There is a lot of nervous buzz today about the national tracking polls. Gallup now gives John McCain a 2-point lead, the first time he has had an advantage of any amount since late May. Rasmussen, meanwhile, has the race converging back into a tie, after having shown Barack Obama ahead by 3 points yesterday.
This
tracking polling will NOT reflect any convention bounce (or its
absence). These polling firms conclude their interviews by mid-evening,
before Michelle Obama's speech and before network coverage of the
convention began. So if there is a response to the events of Monday
night, it will show up in the field on Tuesday, which means that it
will be reflected in polls released on Wednesday. Moreover, our research has concluded that there typically is not any bounce until the third day of the convention. As such, this polling tells us nothing at all about the convention so far.
It
might tell us something about Joe Biden. I tend to agree with the
conventional wisdom that there was liable to be a bit of a near-term
backlash whenever Obama announced his VP choice, provided that the VP
was not Hillary Clinton. The key phrase in there, however, is
"near-term". If Hillary is able to rally her supporters to the
Obama-Biden ticket tonight, there could still be a latent/lagged VP
bounce for Obama that gets rolled up into his convention bounce.

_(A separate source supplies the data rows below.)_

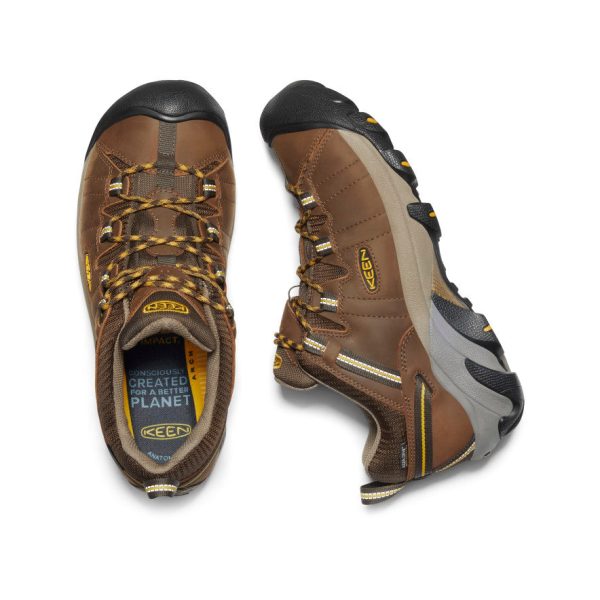 Men's Targhee II Waterproof Wide  |  Cascade Brown/Golden Yellow - Image 4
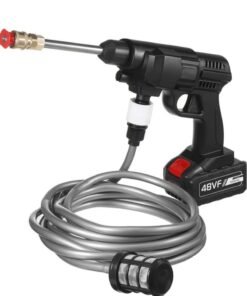 ELTRAZONE 48 V Wireless High Pressure Car Wash Water Gun Portable High Pressure Washer Washing Auto Spray Garden Tool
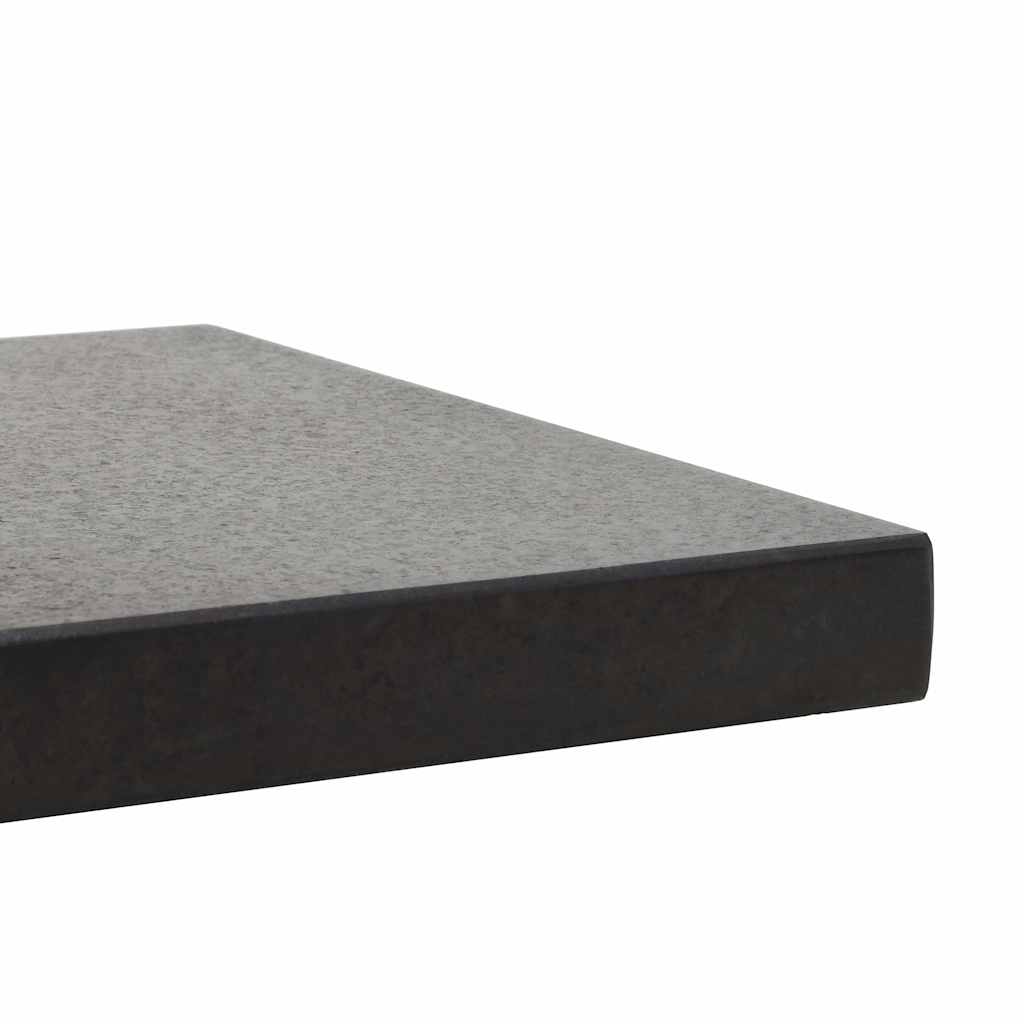 Parasollfot granitt 28,5 kg kvadratisk svart
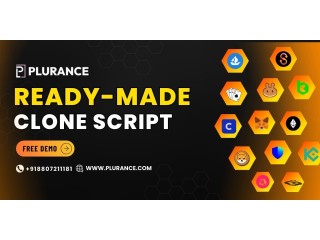 Kickstart your business with our readymade clone script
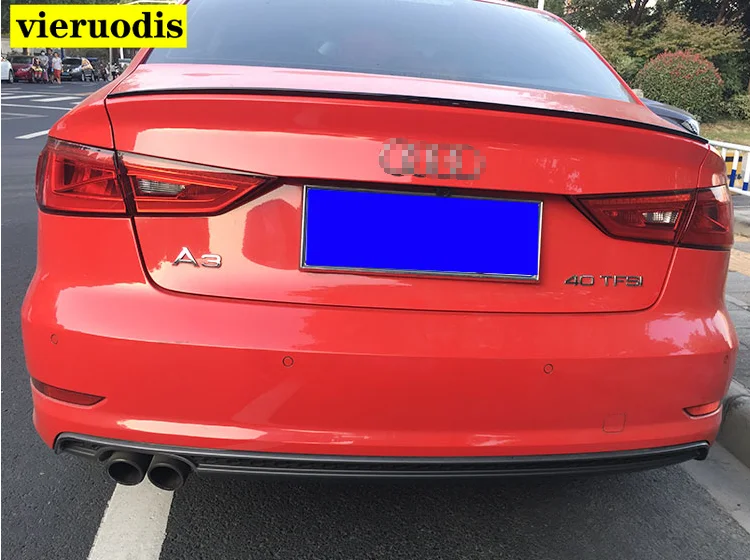 Задний спойлер из углеродного волокна для автомобиля Audi A3 S3 Sedan задний багажник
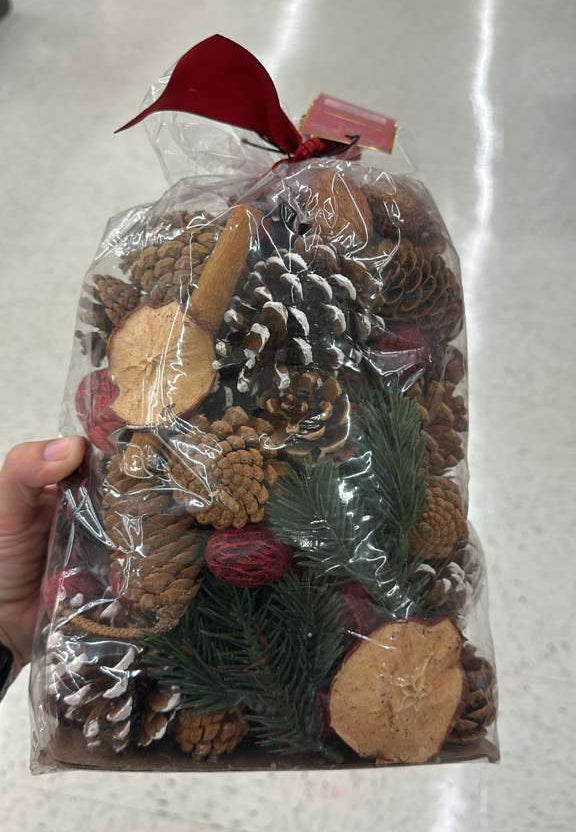 Bolsa de popurrí de temática navideña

Besides all that, we also have a number of state polls today which generally look pretty decent for Obama.
Yep, Quinnipiac
released its "big three" swing state polling this morning. The results
are literally identical to last month in Pennsylvania, where Obama
leads by the same 49-42 margin, and essentially identical in Ohio,
where Obama's lead is down from 2 points to 1 (although with undecided
and Bob Barr improving). The difference is in Florida, which swung from
a 2-point Obama lead to a 4-point deficit. Obama's investment in the
air wars in Florida does not appear to paying immediate benefits.
Still, this result is about where other polling firms had shown
Florida, as Quinnipiac had been a modest outlier before. And that
Obama's lead is holding relatively steady in Pennsyvalnia should
reassure his supporters.
There is also polling out in North Carolina (PPP) and Texas (Rasmussen),
which shows North Carolina and Texas at the same margins they have been
polling at since antiquity, with McCain holding a 10-point lead among
Texans and a 3-point lead among Tarheels.